Akrotiri si trova alle pendici di un cratere vulcanico; con la sua eruzione, intorno al 1500 a.C., tutti gli insediamenti di Thera vennero abbandonati. Le città di Filakopì a Milo e di Haghia Irini a Ceo vennero distrutte più tardi, la seconda forse da un terremoto, nel 1450 c.a, pressappoco contemporaneamente all'ondata di distruzioni che devastò Creta nel Tardo Minoico IB.
Nel periodo Tardo Cicladico l'arte micenea aveva sostituito quella minoica come espressione stilistica dominante nell'Egeo. A Filakopì il Mègaron, che ricorda, nella pianta, le sale del trono dei palazzi di Micene, Tirinto e Pilo, sostituì la più antica «residenza». In taluni casi anche i costumi funerari acquistarono almeno un'apparenza micenea. Ad Aplomata, nell'isola di Nasso, dischetti d'oro a sbalzo (senza dubbio in origine cuciti a uno scialle), gioielli e armi sono stati recuperati in tombe a camera di tipo continentale; nel 1979 una tomba a thòlos - rozza nella costruzione, ma micenea nell'ispirazione - è stata scavata ad Haghia Thekla a Tino.

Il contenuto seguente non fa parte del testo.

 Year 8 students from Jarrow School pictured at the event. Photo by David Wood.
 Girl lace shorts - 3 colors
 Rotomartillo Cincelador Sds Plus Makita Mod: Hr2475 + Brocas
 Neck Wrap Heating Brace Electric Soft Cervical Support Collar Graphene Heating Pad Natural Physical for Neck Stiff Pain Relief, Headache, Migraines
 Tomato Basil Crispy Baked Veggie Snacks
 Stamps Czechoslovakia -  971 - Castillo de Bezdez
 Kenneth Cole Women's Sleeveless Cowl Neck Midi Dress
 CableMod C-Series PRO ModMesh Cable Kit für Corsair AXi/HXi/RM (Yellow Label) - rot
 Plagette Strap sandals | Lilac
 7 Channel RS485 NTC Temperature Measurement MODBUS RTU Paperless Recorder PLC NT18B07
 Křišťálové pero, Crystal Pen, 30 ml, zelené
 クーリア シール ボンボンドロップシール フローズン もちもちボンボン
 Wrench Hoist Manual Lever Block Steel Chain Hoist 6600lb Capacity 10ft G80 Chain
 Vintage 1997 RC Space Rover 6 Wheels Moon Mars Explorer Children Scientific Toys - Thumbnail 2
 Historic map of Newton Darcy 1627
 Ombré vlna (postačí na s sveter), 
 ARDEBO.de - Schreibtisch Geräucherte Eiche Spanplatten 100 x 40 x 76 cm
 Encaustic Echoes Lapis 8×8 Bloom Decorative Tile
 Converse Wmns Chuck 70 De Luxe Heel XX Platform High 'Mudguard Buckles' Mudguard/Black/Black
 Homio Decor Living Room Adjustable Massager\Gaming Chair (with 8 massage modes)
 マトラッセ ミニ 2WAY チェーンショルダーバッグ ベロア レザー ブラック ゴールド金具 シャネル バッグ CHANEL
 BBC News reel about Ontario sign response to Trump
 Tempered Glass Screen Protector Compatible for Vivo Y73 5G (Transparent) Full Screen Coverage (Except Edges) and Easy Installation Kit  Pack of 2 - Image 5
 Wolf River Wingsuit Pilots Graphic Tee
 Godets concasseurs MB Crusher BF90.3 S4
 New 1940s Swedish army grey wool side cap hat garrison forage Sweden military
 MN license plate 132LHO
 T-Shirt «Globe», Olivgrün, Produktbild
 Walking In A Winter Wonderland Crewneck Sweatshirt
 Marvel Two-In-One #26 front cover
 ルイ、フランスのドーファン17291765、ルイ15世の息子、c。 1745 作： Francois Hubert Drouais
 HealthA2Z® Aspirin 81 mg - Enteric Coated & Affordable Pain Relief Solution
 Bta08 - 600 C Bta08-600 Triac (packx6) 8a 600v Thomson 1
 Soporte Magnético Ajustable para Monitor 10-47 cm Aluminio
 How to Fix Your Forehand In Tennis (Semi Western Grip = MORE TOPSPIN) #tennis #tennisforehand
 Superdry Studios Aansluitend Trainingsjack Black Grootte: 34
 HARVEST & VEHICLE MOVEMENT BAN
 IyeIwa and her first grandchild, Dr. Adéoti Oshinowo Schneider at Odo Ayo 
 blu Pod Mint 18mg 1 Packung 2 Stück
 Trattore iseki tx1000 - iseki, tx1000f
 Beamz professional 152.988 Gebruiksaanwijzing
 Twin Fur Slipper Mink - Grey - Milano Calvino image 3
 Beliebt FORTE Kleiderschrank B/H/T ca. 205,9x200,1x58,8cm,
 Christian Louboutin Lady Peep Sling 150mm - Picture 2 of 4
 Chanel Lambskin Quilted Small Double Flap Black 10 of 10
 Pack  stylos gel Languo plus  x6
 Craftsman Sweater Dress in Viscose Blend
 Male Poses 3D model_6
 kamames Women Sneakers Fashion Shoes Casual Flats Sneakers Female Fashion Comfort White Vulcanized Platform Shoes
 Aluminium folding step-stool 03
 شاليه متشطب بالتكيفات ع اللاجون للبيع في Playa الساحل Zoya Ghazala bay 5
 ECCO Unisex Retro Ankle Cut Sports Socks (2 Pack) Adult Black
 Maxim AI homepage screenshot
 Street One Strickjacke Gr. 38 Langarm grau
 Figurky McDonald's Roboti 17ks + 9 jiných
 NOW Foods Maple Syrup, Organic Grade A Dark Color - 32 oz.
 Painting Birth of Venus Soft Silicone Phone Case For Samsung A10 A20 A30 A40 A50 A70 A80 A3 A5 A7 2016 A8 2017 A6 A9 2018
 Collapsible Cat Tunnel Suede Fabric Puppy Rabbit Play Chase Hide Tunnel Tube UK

I più interessanti esempi di arte decorativa e di scultura del Tardo Cicladico III provengono da depositi cultuali. Da tempo sono noti i rinvenimenti dall’Artemìsion di Delo, comprendenti una serie di placchette e di oggetti ritagliati in avorio che conservano scene con guerrieri, leoni e grifi, raffigurati in un caratteristico e vigoroso stile miceneo, ma gli scavi nel santuario di Filakopì hanno restituito un gruppo ancor più ampio di ex voto - in particolare sculture in terracotta - e di oggetti cultuali, che per la maggior parte sono anche di origine o di ispirazione micenea. Statuette femminili a «ψ», statuette di animali, buoi guidati e gruppi con carro trovano stretti paralleli nella Grecia continentale, mentre bovidi con corpo cavo modellati al tornio si rifanno a prototipi della Creta minoica. È da segnalare la raffinata «Signora di Filakopì», una statuetta, probabilmente di manifattura argiva, alta c.a 45 cm; questa e una delle numerose figure maschili grottescamente allungate e irrealisticamente appiattite (un tipo finora noto solo a Milo) potevano costituire le immagini di culto delle divinità venerate nel santuario. Una conchiglia di tritone e il carapace di una tartaruga (questo utilizzato come cassa armonica di una lira, quella probabilmente come tromba), un vaso ricavato da un uovo di struzzo, sigilli incisi in pietra, statuette in bronzo di un dio in atto di colpire, di tipo vicino-orientale, una testina in lamina d'oro, che in origine rivestiva probabilmente una statuetta, e uno scarabeo fanno tutti parte dell'ampia raccolta di paraphernàlia cultuali e di dediche. Il santuario di Filakopì rimase in uso fin dopo il 1100 a.C., il «tempio» di Haghia Irini a Ceo mantenne forse una continuità fino in epoca storica. Nell'attuale fase delle ricerche, tuttavia, pochi resti sono stati pubblicati in modo da far luce, per quanto riguarda le Cicladi, sul periodo meno conosciuto dei secoli XI-IX a.C.